[Image-caption web data]
=== Begin Enclosure ===
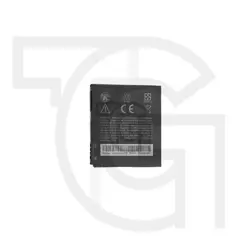 باتری اچ تی سی HTC Velocity 4G Vodafone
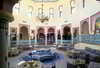 Hotel Le Riad Salam Zagora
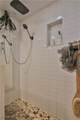 3666 Princeton Street - Photo 29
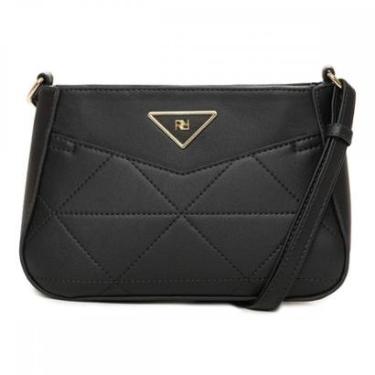 Imagem de Bolsa Rafitthy 2826306a-Feminino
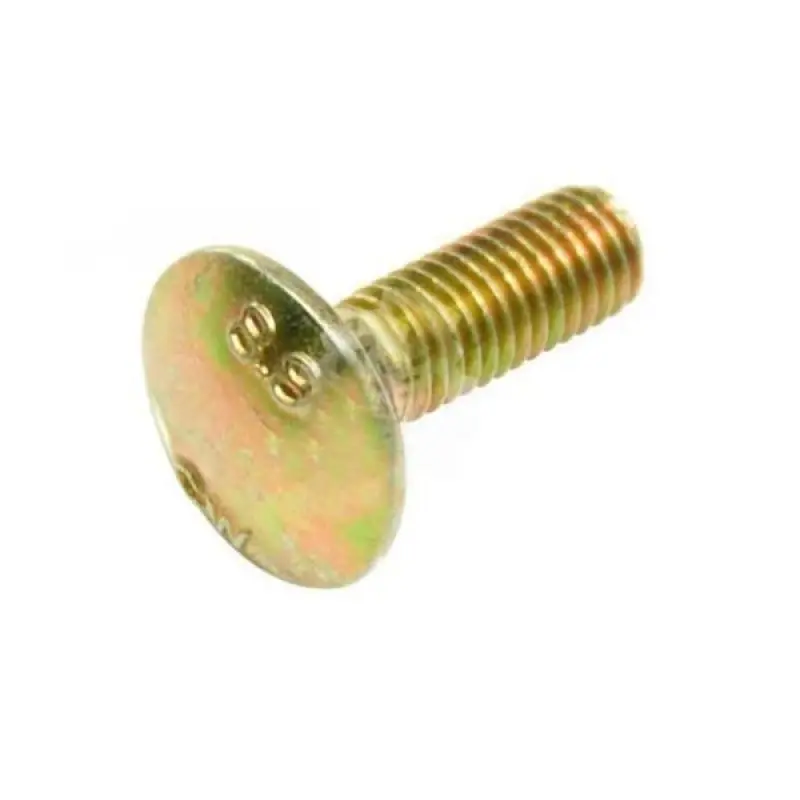 233503 Claas Bolt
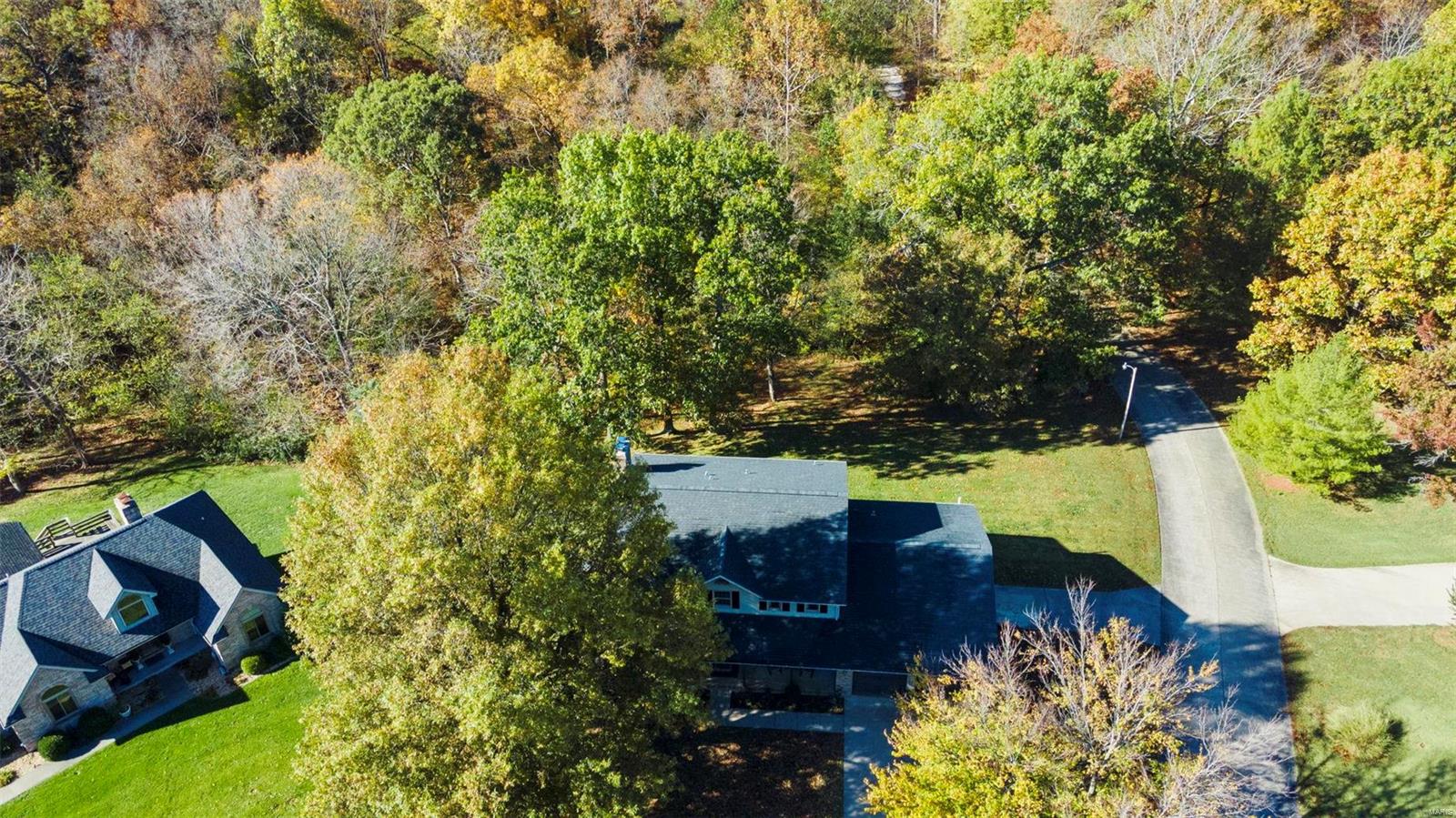 409 Oak Forest Property Photo 49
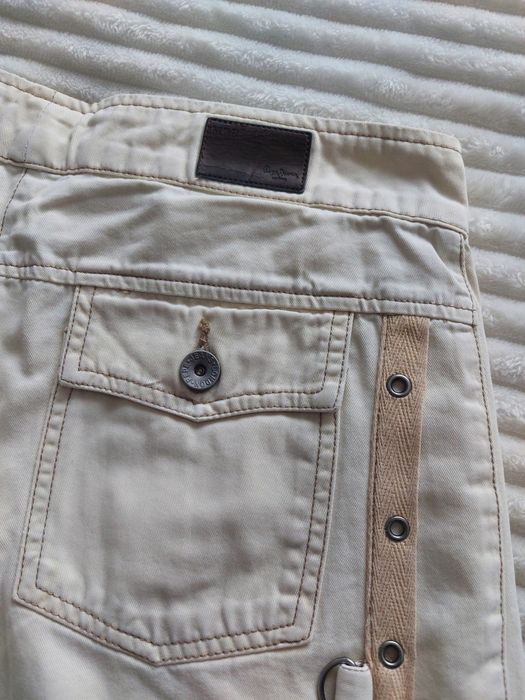 Calças da Pepe Jeans - Tam. 28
=== End Enclosure ===
Your objective
Although the records include pictures, the copy should reproduce every line exactly and none of the pictures.

Written answer
 باتری اچ تی سی HTC Velocity 4G Vodafone
 Hotel Le Riad Salam Zagora
 3666 Princeton Street - Photo 29
 Imagem de Bolsa Rafitthy 2826306a-Feminino
 233503 Claas Bolt
 409 Oak Forest Property Photo 49
 Calças da Pepe Jeans - Tam. 28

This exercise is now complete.